From: Keutgen, Walter (
Date: Fri May 12 2006 - 12:51:22 CDT

  • Next message: Kenneth Whistler: "Re: Mysteries in the BMP Roadmap"


    your excellent conclusion lets aside the autodetection.

    Philippe Verdi wrote:

    > Doesn't it break or severely limits the encoding autodetection in IE?
    > This may explain why IE so often displays Chinese characters in the middle
    > of a French webpage hosted on a server that simply does not specify its
    > actual encoding: IE returns a false positive match with UTF-8, instead
    > of identifying the ISO-8859-1 encoding that was actually used.
    > This is a severe and very ennoying bug for users (like French users trying
    > to read webpages that were encoded as ISO-8859-1 but interpreted by default
    > as UTF-8 as if it was Chinese, even though it would be invalid UTF-8).

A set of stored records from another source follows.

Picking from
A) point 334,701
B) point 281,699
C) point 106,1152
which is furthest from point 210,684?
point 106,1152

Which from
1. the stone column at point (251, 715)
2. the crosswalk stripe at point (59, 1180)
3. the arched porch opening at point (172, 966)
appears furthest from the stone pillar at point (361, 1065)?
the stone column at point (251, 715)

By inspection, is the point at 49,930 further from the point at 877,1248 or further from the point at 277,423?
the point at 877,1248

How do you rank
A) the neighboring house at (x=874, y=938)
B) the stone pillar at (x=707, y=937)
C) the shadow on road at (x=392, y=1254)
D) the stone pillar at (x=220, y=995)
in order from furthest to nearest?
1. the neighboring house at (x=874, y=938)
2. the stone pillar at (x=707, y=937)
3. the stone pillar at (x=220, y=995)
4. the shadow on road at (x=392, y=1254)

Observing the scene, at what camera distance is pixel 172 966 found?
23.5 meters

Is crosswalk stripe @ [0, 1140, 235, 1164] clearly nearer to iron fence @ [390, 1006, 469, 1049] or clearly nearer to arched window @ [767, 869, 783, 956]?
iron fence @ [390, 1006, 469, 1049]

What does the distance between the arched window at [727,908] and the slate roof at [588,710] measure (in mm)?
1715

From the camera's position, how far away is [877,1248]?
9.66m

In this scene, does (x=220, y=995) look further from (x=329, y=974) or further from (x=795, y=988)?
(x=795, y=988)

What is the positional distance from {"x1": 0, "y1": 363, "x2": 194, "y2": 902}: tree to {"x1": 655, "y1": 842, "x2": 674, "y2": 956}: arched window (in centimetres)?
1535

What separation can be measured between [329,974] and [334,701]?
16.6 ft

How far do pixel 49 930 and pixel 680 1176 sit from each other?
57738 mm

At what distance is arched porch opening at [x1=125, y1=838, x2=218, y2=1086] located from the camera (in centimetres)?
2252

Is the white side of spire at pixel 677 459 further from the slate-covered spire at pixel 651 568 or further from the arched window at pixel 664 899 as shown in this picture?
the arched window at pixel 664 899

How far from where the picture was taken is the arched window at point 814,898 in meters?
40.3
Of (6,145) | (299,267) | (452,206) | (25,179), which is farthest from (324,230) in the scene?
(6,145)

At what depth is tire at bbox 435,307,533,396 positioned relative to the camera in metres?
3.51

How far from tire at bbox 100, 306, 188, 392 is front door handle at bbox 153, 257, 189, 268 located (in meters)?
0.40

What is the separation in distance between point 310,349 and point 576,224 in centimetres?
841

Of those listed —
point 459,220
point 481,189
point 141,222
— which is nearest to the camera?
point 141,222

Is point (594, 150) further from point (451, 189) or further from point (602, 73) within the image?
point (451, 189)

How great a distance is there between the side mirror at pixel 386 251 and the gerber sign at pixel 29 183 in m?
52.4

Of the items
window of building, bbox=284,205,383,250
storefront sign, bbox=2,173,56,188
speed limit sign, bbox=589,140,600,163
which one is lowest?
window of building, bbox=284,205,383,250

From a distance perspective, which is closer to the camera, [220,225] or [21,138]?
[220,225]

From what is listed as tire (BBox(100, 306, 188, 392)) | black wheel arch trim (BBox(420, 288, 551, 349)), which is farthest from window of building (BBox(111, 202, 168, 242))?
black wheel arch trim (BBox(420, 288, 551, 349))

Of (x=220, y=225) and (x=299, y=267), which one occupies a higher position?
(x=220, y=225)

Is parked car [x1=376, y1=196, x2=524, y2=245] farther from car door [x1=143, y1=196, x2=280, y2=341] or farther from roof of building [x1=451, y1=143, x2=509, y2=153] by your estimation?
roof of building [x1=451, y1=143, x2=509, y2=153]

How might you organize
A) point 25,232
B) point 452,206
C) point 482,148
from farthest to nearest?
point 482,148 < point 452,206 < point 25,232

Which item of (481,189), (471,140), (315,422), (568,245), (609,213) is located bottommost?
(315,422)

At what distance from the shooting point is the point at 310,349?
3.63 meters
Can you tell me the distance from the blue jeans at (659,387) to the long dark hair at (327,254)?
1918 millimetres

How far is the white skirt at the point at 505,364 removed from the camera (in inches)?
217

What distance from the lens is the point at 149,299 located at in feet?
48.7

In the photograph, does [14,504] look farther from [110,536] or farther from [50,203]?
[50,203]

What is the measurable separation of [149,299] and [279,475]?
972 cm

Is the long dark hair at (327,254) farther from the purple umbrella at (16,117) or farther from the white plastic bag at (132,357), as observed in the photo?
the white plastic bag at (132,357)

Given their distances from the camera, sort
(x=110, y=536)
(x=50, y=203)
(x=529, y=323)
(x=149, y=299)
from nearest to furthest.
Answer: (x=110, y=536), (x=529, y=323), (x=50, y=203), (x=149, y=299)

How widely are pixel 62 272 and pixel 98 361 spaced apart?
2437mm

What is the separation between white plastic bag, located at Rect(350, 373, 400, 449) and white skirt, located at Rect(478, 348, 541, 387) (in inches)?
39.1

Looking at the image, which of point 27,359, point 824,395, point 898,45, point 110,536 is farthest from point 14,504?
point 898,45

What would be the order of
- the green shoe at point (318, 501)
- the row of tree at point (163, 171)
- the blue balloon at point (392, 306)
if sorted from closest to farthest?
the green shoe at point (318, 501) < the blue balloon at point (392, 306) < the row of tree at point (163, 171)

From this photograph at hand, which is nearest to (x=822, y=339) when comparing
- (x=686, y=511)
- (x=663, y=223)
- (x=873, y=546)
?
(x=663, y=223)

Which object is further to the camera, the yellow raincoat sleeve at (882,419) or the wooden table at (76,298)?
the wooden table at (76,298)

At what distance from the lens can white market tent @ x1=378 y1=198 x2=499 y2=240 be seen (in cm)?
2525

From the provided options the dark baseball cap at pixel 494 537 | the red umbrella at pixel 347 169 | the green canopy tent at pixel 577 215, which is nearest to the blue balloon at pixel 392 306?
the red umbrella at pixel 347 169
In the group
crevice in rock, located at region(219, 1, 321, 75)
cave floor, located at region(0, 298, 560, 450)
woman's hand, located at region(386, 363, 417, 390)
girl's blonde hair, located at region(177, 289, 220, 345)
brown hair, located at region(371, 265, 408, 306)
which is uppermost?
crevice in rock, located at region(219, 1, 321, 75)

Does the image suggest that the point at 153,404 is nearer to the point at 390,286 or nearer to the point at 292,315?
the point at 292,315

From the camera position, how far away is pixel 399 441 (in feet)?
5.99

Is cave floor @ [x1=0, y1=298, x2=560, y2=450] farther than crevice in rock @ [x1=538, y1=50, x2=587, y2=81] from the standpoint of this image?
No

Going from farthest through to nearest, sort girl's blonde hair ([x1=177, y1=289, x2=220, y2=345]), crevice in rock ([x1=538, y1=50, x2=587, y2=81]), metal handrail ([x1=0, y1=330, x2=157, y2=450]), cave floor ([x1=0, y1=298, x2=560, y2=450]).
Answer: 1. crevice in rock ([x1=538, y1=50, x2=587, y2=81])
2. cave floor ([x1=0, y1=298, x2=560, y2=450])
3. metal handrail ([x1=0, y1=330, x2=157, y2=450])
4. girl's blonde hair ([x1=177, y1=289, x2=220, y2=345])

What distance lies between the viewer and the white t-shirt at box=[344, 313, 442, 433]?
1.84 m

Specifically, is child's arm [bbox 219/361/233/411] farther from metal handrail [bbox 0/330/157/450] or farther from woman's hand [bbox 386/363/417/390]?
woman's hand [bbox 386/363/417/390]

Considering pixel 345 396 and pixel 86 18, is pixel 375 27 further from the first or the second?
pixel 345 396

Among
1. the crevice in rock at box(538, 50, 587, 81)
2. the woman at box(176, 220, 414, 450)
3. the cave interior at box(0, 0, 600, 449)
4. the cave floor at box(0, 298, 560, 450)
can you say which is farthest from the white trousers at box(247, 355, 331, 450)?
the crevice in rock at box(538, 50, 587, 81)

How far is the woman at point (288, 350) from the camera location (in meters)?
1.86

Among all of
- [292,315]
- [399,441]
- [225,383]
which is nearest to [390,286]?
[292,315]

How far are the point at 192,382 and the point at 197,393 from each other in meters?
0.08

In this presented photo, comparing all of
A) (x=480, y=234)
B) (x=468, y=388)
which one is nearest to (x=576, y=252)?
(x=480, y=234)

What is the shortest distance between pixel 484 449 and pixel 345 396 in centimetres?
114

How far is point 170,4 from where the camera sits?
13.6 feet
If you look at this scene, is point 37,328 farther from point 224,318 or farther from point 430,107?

    Microsoft should leave the ill formed UTF-8 sequences aside for the determination of the coded character set.

    Or alternatively, would it not be simpler to stick to the standards and choose ISO-8859-1 when the HTML source does not provide any charset. More philosophically, is it really better to try making it better than the standards?

    The reader can still correct by chosing the appropriate encoding. Then Microsoft could satisfy everybody by offering 'UTF-8 strict' and 'UTF-8 liberal' or better, if the UTF-8 stream contains ill formed sequences, offering the user to accept them by a pop-up dialogue.

    Best regards

    Walter Keutgen
    Unisys Belgium

    THIS COMMUNICATION MAY CONTAIN CONFIDENTIAL AND/OR OTHERWISE PROPRIETARY MATERIAL and is thus for use only by the intended recipient. If you received this in error, please contact the sender and delete the e-mail and its attachments from all computers.

    -----Original Message-----
    From: [] On Behalf Of Doug Ewell
    Sent: 12 May 2006 17:45
    To: Unicode Mailing List
    Subject: Re: Win IE 7b2 and UTF-8

    Through the years, Microsoft and especially IE have taken a great deal
    of criticismfor being either too liberal or too consenvative (or both)
    in what they accept. Whichever they choose, there is sure to be someone
    waiting in the wings to lambast them for it.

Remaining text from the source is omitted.